This is the sort of piece I probably shouldn’t be writing (given that it’s partially related to work and stuff), but it’s been over ten years now since most of it happened, and not only are there tales that need telling, I also have very few opportunities to commit them to writing that are not easily come by.
So a couple of weeks of forced rest at the time most of the former key folk at Sun are leaving Oracle seem like as good a time as any to give this (and other topics) a shot, especially because ever since I wrote about the very beginning of it all, twenty years back, I’ve found lots to reminisce about, especially regarding the years prior to my return to Marketing.
Getting back to the matter at hand, I’ll openly admit I’ve always had mixed feelings towards both Sun and Oracle. This may not be the most politically correct thing for me to say (especially since I’ve always tried to be publicly neutral about most things, given the degree of mis-interpretation that personal blog posts are prone to these days), but I would hardly work at any of them.
I’ve felt this way since way back when I was an undergrad student, and having both companies as constant presence over the years didn’t improve matters – and I’m about to tell you why.

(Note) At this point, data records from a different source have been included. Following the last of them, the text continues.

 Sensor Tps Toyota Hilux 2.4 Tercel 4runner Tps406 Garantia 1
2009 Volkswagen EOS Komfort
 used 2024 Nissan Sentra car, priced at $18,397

Like I once wrote, I’m old enough to remember Sun shipping Solaris without an X server and folk putting up spoofs of their advertising posters with “downgrade to Solaris“ plastered over the new logo, and had a SPARCstation IPC on my desk for a good while (a legacy from a workmate who smoked so much that the little square under the box was the only clean, grey area on an otherwise nicotine-saturated yellowish-brown desk when I moved it to a new spot upon taking over his seat).
Around the same time, I was looking for a job outside academia and was interviewed at Oracle by a guy who was probably about my current age – I don’t recall all the details (my e-mail archive and notes don’t stretch that far back, although I’m pretty sure I have some record of it someplace), but locally Oracle was a sales & support organization through and through (most of the job seemed to entail taking support calls and doing field work), and since I wanted to do coding or integration, I came away with a rather negative impression of my prospects there. They called me back quite a few times, but I distinctly remember deciding that I didn’t want to be cannon fodder for a company that did little else but license and troubleshoot databases.

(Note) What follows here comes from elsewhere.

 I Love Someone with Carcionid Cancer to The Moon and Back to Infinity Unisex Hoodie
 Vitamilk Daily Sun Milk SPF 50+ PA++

Sure, their enterprise apps came out in the 1980s, but the business in Portugal didn’t seem to have much to do with them in the mid-90s, and I’d had a few encounters with SAP (where a couple of my college mates have steadily risen through the ranks over the years), and even though I loathe the SAP user experience with a passion to this day, if I was to do something in IT I’d rather do it there than at Oracle.
There was also the fact that I’ve always disliked databases in general (a feeling that quite a few years dealing with Oracle, Sybase and even mySQL did nothing to allay), and committing myself to something that was even then starting to look like a commodity (regardless of how many bells and whistles vendors bolted on) simply wasn’t in the cards.

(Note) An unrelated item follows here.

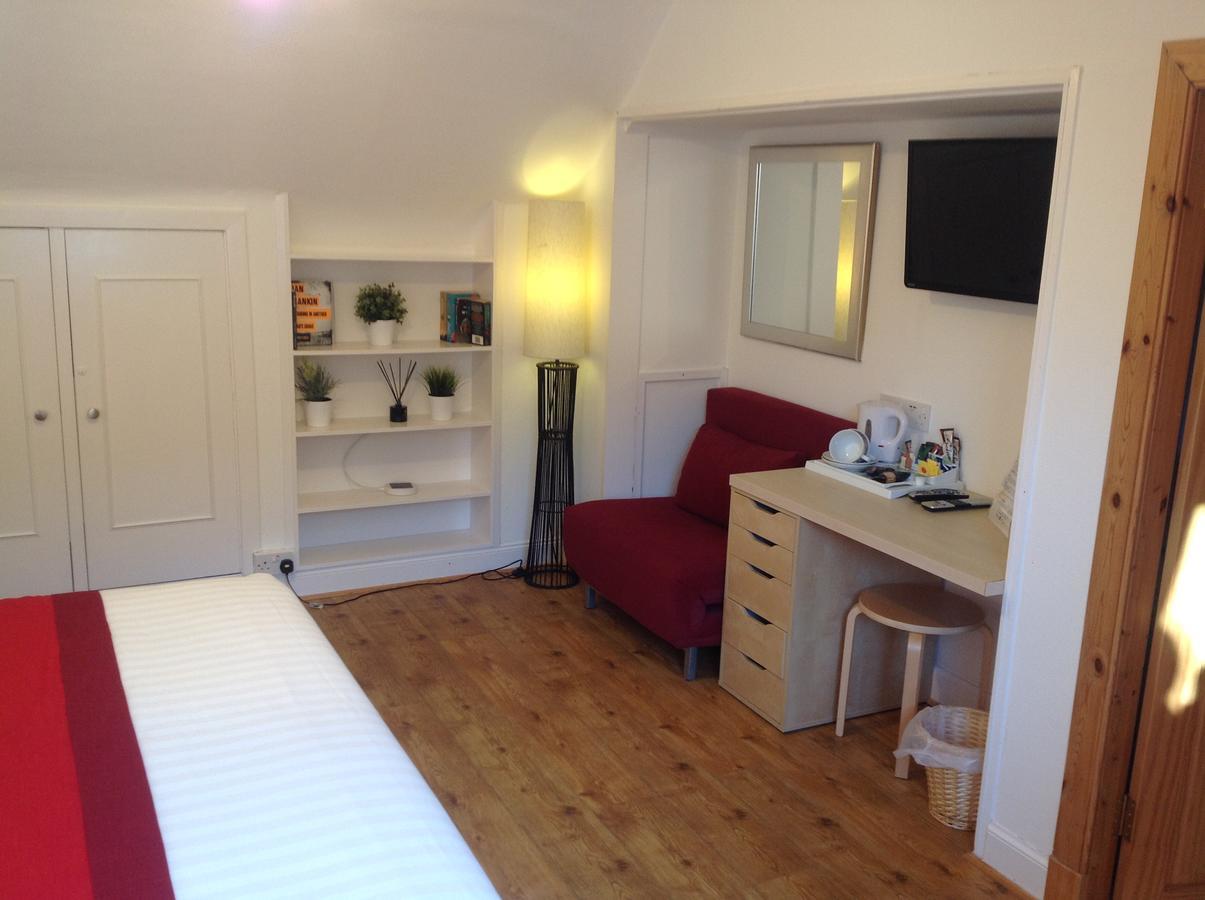 The Golden Larches Bed & Breakfast Lochearnhead Bagian luar foto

But back to Sun. I used to subscribe to SunWorld Magazine (at least that is what I think it was called initially – I dumped a lot of my old magazine stacks when I got married), got rid of the Sun compiler and moved to gcc during the first iterations of Solaris (back when it was hard to figure out which was the most buggy, the compiler or the OS), but got frustrated with the development and desktop environment and eventually moved on to Windows NT 4.0 for a few years – long enough to host an alumni mailing-list on it and help put together multi-link PPP support for the PC-BIT ISDN cards that were all the rage in Portugal ages ago.
Sun had a few local resellers, and as luck would have it I happened to work at one for a while a couple of years later – our focus was selling networking gear (anyone remember Kalpana switches? I sold the first ever in Portugal, I think) and handling Sun gear was merely a collateral of our selling Firewall-1 and SNMP management solutions, so everything was good for a bit.
Fast-forward a few years later and I’m helping setting up an ISP from scratch – I was initially recruited to do product management as part of the Marketing team, but as my natural propensity for fixing trouble developed I got sent to (quite literally) “keep an eye” on Engineering, which was then headed by a pro-“Sun”:com/Sun consultant who sincerely believed a fully-integrated Sun solution was the answer to all of our problems[1].
Now, I had come from another ISP where things were mostly run on throwaway Linux boxes and cheap hardware, and where we would go and tinker with the source of just about anything until it did what we wanted (even though I was somewhat of an outlier, since I insisted on using Windows on my PC), so the mammoth scale of the endeavor and the degree of complexity involved (I remember network diagrams with machines plugged into eight different, segregated LANs and suchlike) made me wonder – and start asking questions.
I obviously got into some hot water right from the start, mostly because I simply could not believe things needed to be that complicated (the fact that they actually needn’t didn’t help).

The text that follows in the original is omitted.